> **TASK REQUIREMENTS**: Copy out again, unchanged, the listing below from the line that has "This stunning piece" through the line that has "Blue rubber gloves".
-- RECORD EXTRACTS follows --
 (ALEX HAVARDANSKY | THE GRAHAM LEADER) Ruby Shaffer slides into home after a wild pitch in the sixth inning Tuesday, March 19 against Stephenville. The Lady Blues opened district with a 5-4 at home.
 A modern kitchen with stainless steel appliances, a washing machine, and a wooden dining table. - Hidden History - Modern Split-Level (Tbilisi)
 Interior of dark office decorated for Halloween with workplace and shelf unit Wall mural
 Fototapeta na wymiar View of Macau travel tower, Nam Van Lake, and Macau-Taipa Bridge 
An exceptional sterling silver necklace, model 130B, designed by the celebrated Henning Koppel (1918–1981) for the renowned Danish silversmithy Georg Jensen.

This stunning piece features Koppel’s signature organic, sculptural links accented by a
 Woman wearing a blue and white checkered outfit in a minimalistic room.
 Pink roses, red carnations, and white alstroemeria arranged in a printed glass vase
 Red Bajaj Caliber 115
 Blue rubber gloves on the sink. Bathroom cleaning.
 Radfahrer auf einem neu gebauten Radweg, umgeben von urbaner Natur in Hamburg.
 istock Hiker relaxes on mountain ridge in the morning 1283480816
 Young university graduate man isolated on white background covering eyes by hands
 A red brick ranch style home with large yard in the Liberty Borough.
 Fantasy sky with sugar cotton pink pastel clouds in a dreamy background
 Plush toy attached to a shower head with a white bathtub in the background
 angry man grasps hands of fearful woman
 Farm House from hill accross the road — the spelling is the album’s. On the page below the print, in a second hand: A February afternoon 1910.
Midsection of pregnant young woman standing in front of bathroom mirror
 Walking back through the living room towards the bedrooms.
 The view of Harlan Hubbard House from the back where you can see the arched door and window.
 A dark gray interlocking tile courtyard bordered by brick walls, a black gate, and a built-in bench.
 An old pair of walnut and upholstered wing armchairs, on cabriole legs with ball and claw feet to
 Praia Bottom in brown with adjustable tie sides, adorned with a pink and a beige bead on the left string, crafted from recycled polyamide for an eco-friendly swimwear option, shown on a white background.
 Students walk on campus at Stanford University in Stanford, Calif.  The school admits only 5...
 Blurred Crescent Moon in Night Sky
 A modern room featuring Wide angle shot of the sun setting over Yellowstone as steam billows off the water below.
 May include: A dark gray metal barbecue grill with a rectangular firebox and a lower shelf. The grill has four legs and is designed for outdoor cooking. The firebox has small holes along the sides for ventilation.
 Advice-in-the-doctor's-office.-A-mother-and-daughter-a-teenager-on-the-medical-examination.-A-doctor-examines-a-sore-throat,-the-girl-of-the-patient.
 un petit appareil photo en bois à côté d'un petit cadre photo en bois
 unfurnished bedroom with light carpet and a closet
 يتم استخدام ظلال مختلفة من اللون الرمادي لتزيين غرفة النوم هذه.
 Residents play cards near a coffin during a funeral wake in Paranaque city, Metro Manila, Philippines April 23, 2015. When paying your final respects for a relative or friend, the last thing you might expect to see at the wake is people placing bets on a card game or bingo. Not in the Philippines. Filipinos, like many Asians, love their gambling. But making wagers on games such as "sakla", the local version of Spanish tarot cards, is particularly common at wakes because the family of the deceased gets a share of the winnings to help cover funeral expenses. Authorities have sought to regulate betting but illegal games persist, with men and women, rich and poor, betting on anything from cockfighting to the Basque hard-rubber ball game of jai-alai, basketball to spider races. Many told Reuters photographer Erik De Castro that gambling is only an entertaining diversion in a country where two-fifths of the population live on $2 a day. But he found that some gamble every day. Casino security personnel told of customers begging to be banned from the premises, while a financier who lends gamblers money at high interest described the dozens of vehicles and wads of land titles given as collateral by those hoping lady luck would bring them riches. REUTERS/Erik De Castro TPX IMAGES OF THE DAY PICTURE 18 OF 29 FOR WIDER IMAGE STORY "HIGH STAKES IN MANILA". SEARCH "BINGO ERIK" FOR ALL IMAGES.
-- RECORD EXTRACTS concluded --
> **TASK RESPONSE**:
This stunning piece features Koppel’s signature organic, sculptural links accented by a
 Woman wearing a blue and white checkered outfit in a minimalistic room.
 Pink roses, red carnations, and white alstroemeria arranged in a printed glass vase
 Red Bajaj Caliber 115
 Blue rubber gloves on the sink. Bathroom cleaning.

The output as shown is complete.